A crueza dos detalhes do relato de estupro feito por Gisele*, uma das vítimas que denunciaram o empresário Saul Klein, 68, se repete nos testemunhos de outras quatro mulheres, todas ouvidas por Universa e Mov.doc para a produção do documentário exclusivo "Saul Klein e o Império do Abuso", que estreia no dia 29 de março e revela um retrato minucioso dos abusos que teriam sido cometidos por Klein em suas propriedades. "Quero justiça. Pela menina que fui e pela menina que eu poderia ter sido", diz a garota.

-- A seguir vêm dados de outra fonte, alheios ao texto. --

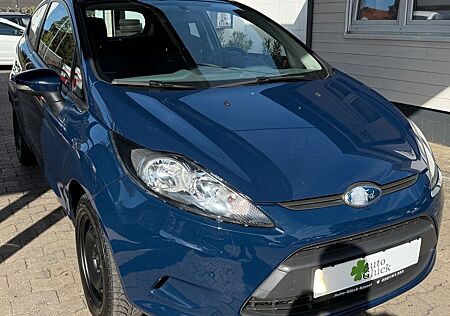 Ford Fiesta 1,25l/Klimaanlage/wenig Kilometer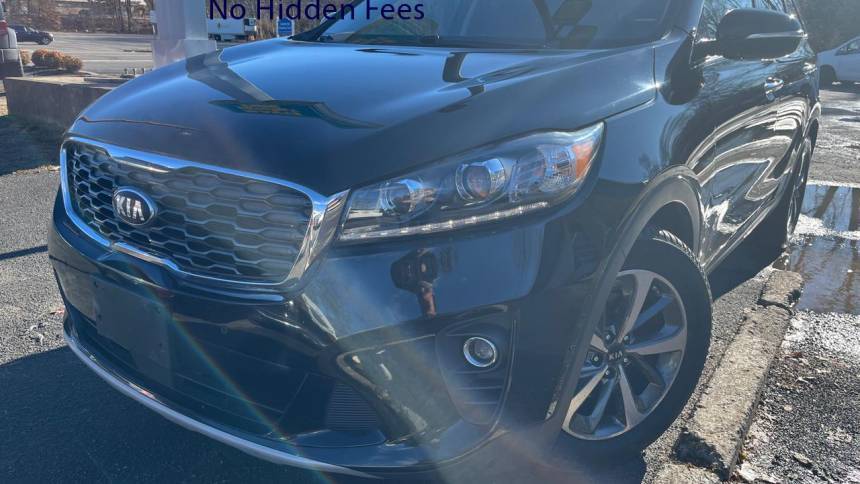 2019 Kia Sorento EX V6 — SUV — 123,576 mi — West Nyack, NY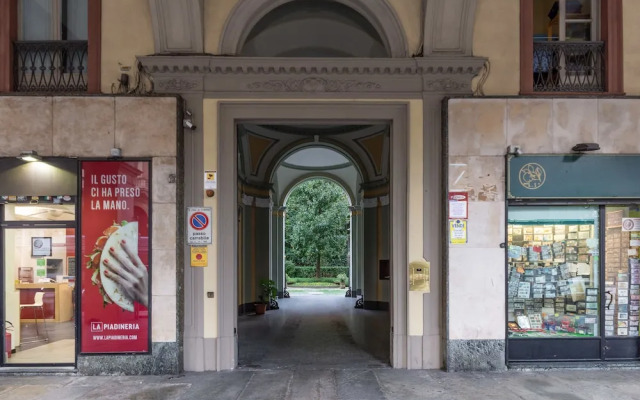 Porta Susa Apartment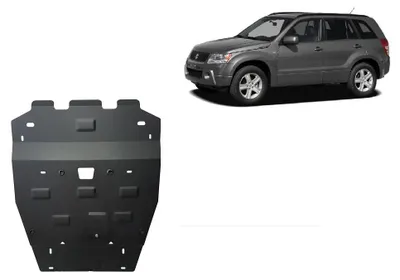Zdjęcie produktu dla Osłona dolna do motocykla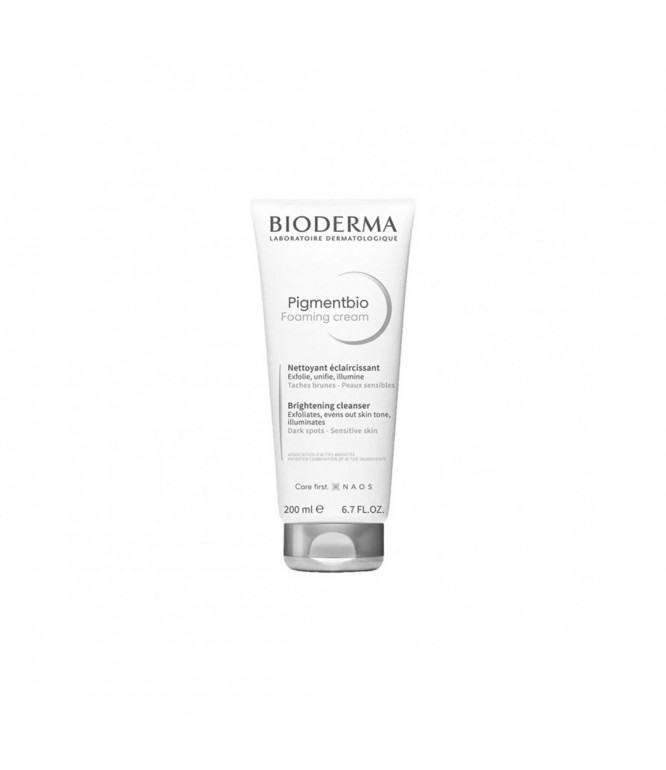 Bioderma Pigmentbio Foaming Cream 200 ml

As mulheres fizeram as primeiras denúncias em setembro de 2020 à promotora de justiça Gabriela Manssur e foram encaminhadas ao projeto Justiceiras, idealizado por ela, sob liderança jurídica da advogada Luciana Terra Villar. As vítimas passaram por acolhimento psicológico e orientação jurídica, e as denúncias foram levadas à Delegacia de Defesa da Mulher de Barueri.

Dezoito meses após o início da investigação e um ano depois que Universa publicou uma série de reportagens com trechos de depoimentos de nove vítimas, o inquérito já passou por quatro delegados responsáveis: Ivna Schelble, Eynard Bertho Ferreira Junior, Amelia Gonçalves Bretas e a atual, Priscila Camargo, que assumiu o comando da delegacia em fevereiro deste ano. A rotatividade foi motivada pelas constantes trocas feitas no comando da Delegacia de Defesa da Mulher de Barueri.

Schelble estava à frente da DDM desde 2016, de acordo com o Diário Oficial do Estado de São Paulo. Depois de sua saída, em junho de 2021, foram três trocas de delegados em oito meses. A produção do documentário tentou contato com todos eles desde outubro de 2021, mas nenhum quis dar entrevista. Um deles, já fora das investigações após assumir outra delegacia, chegou a dizer à reportagem que 'não falaria nem amarrado'.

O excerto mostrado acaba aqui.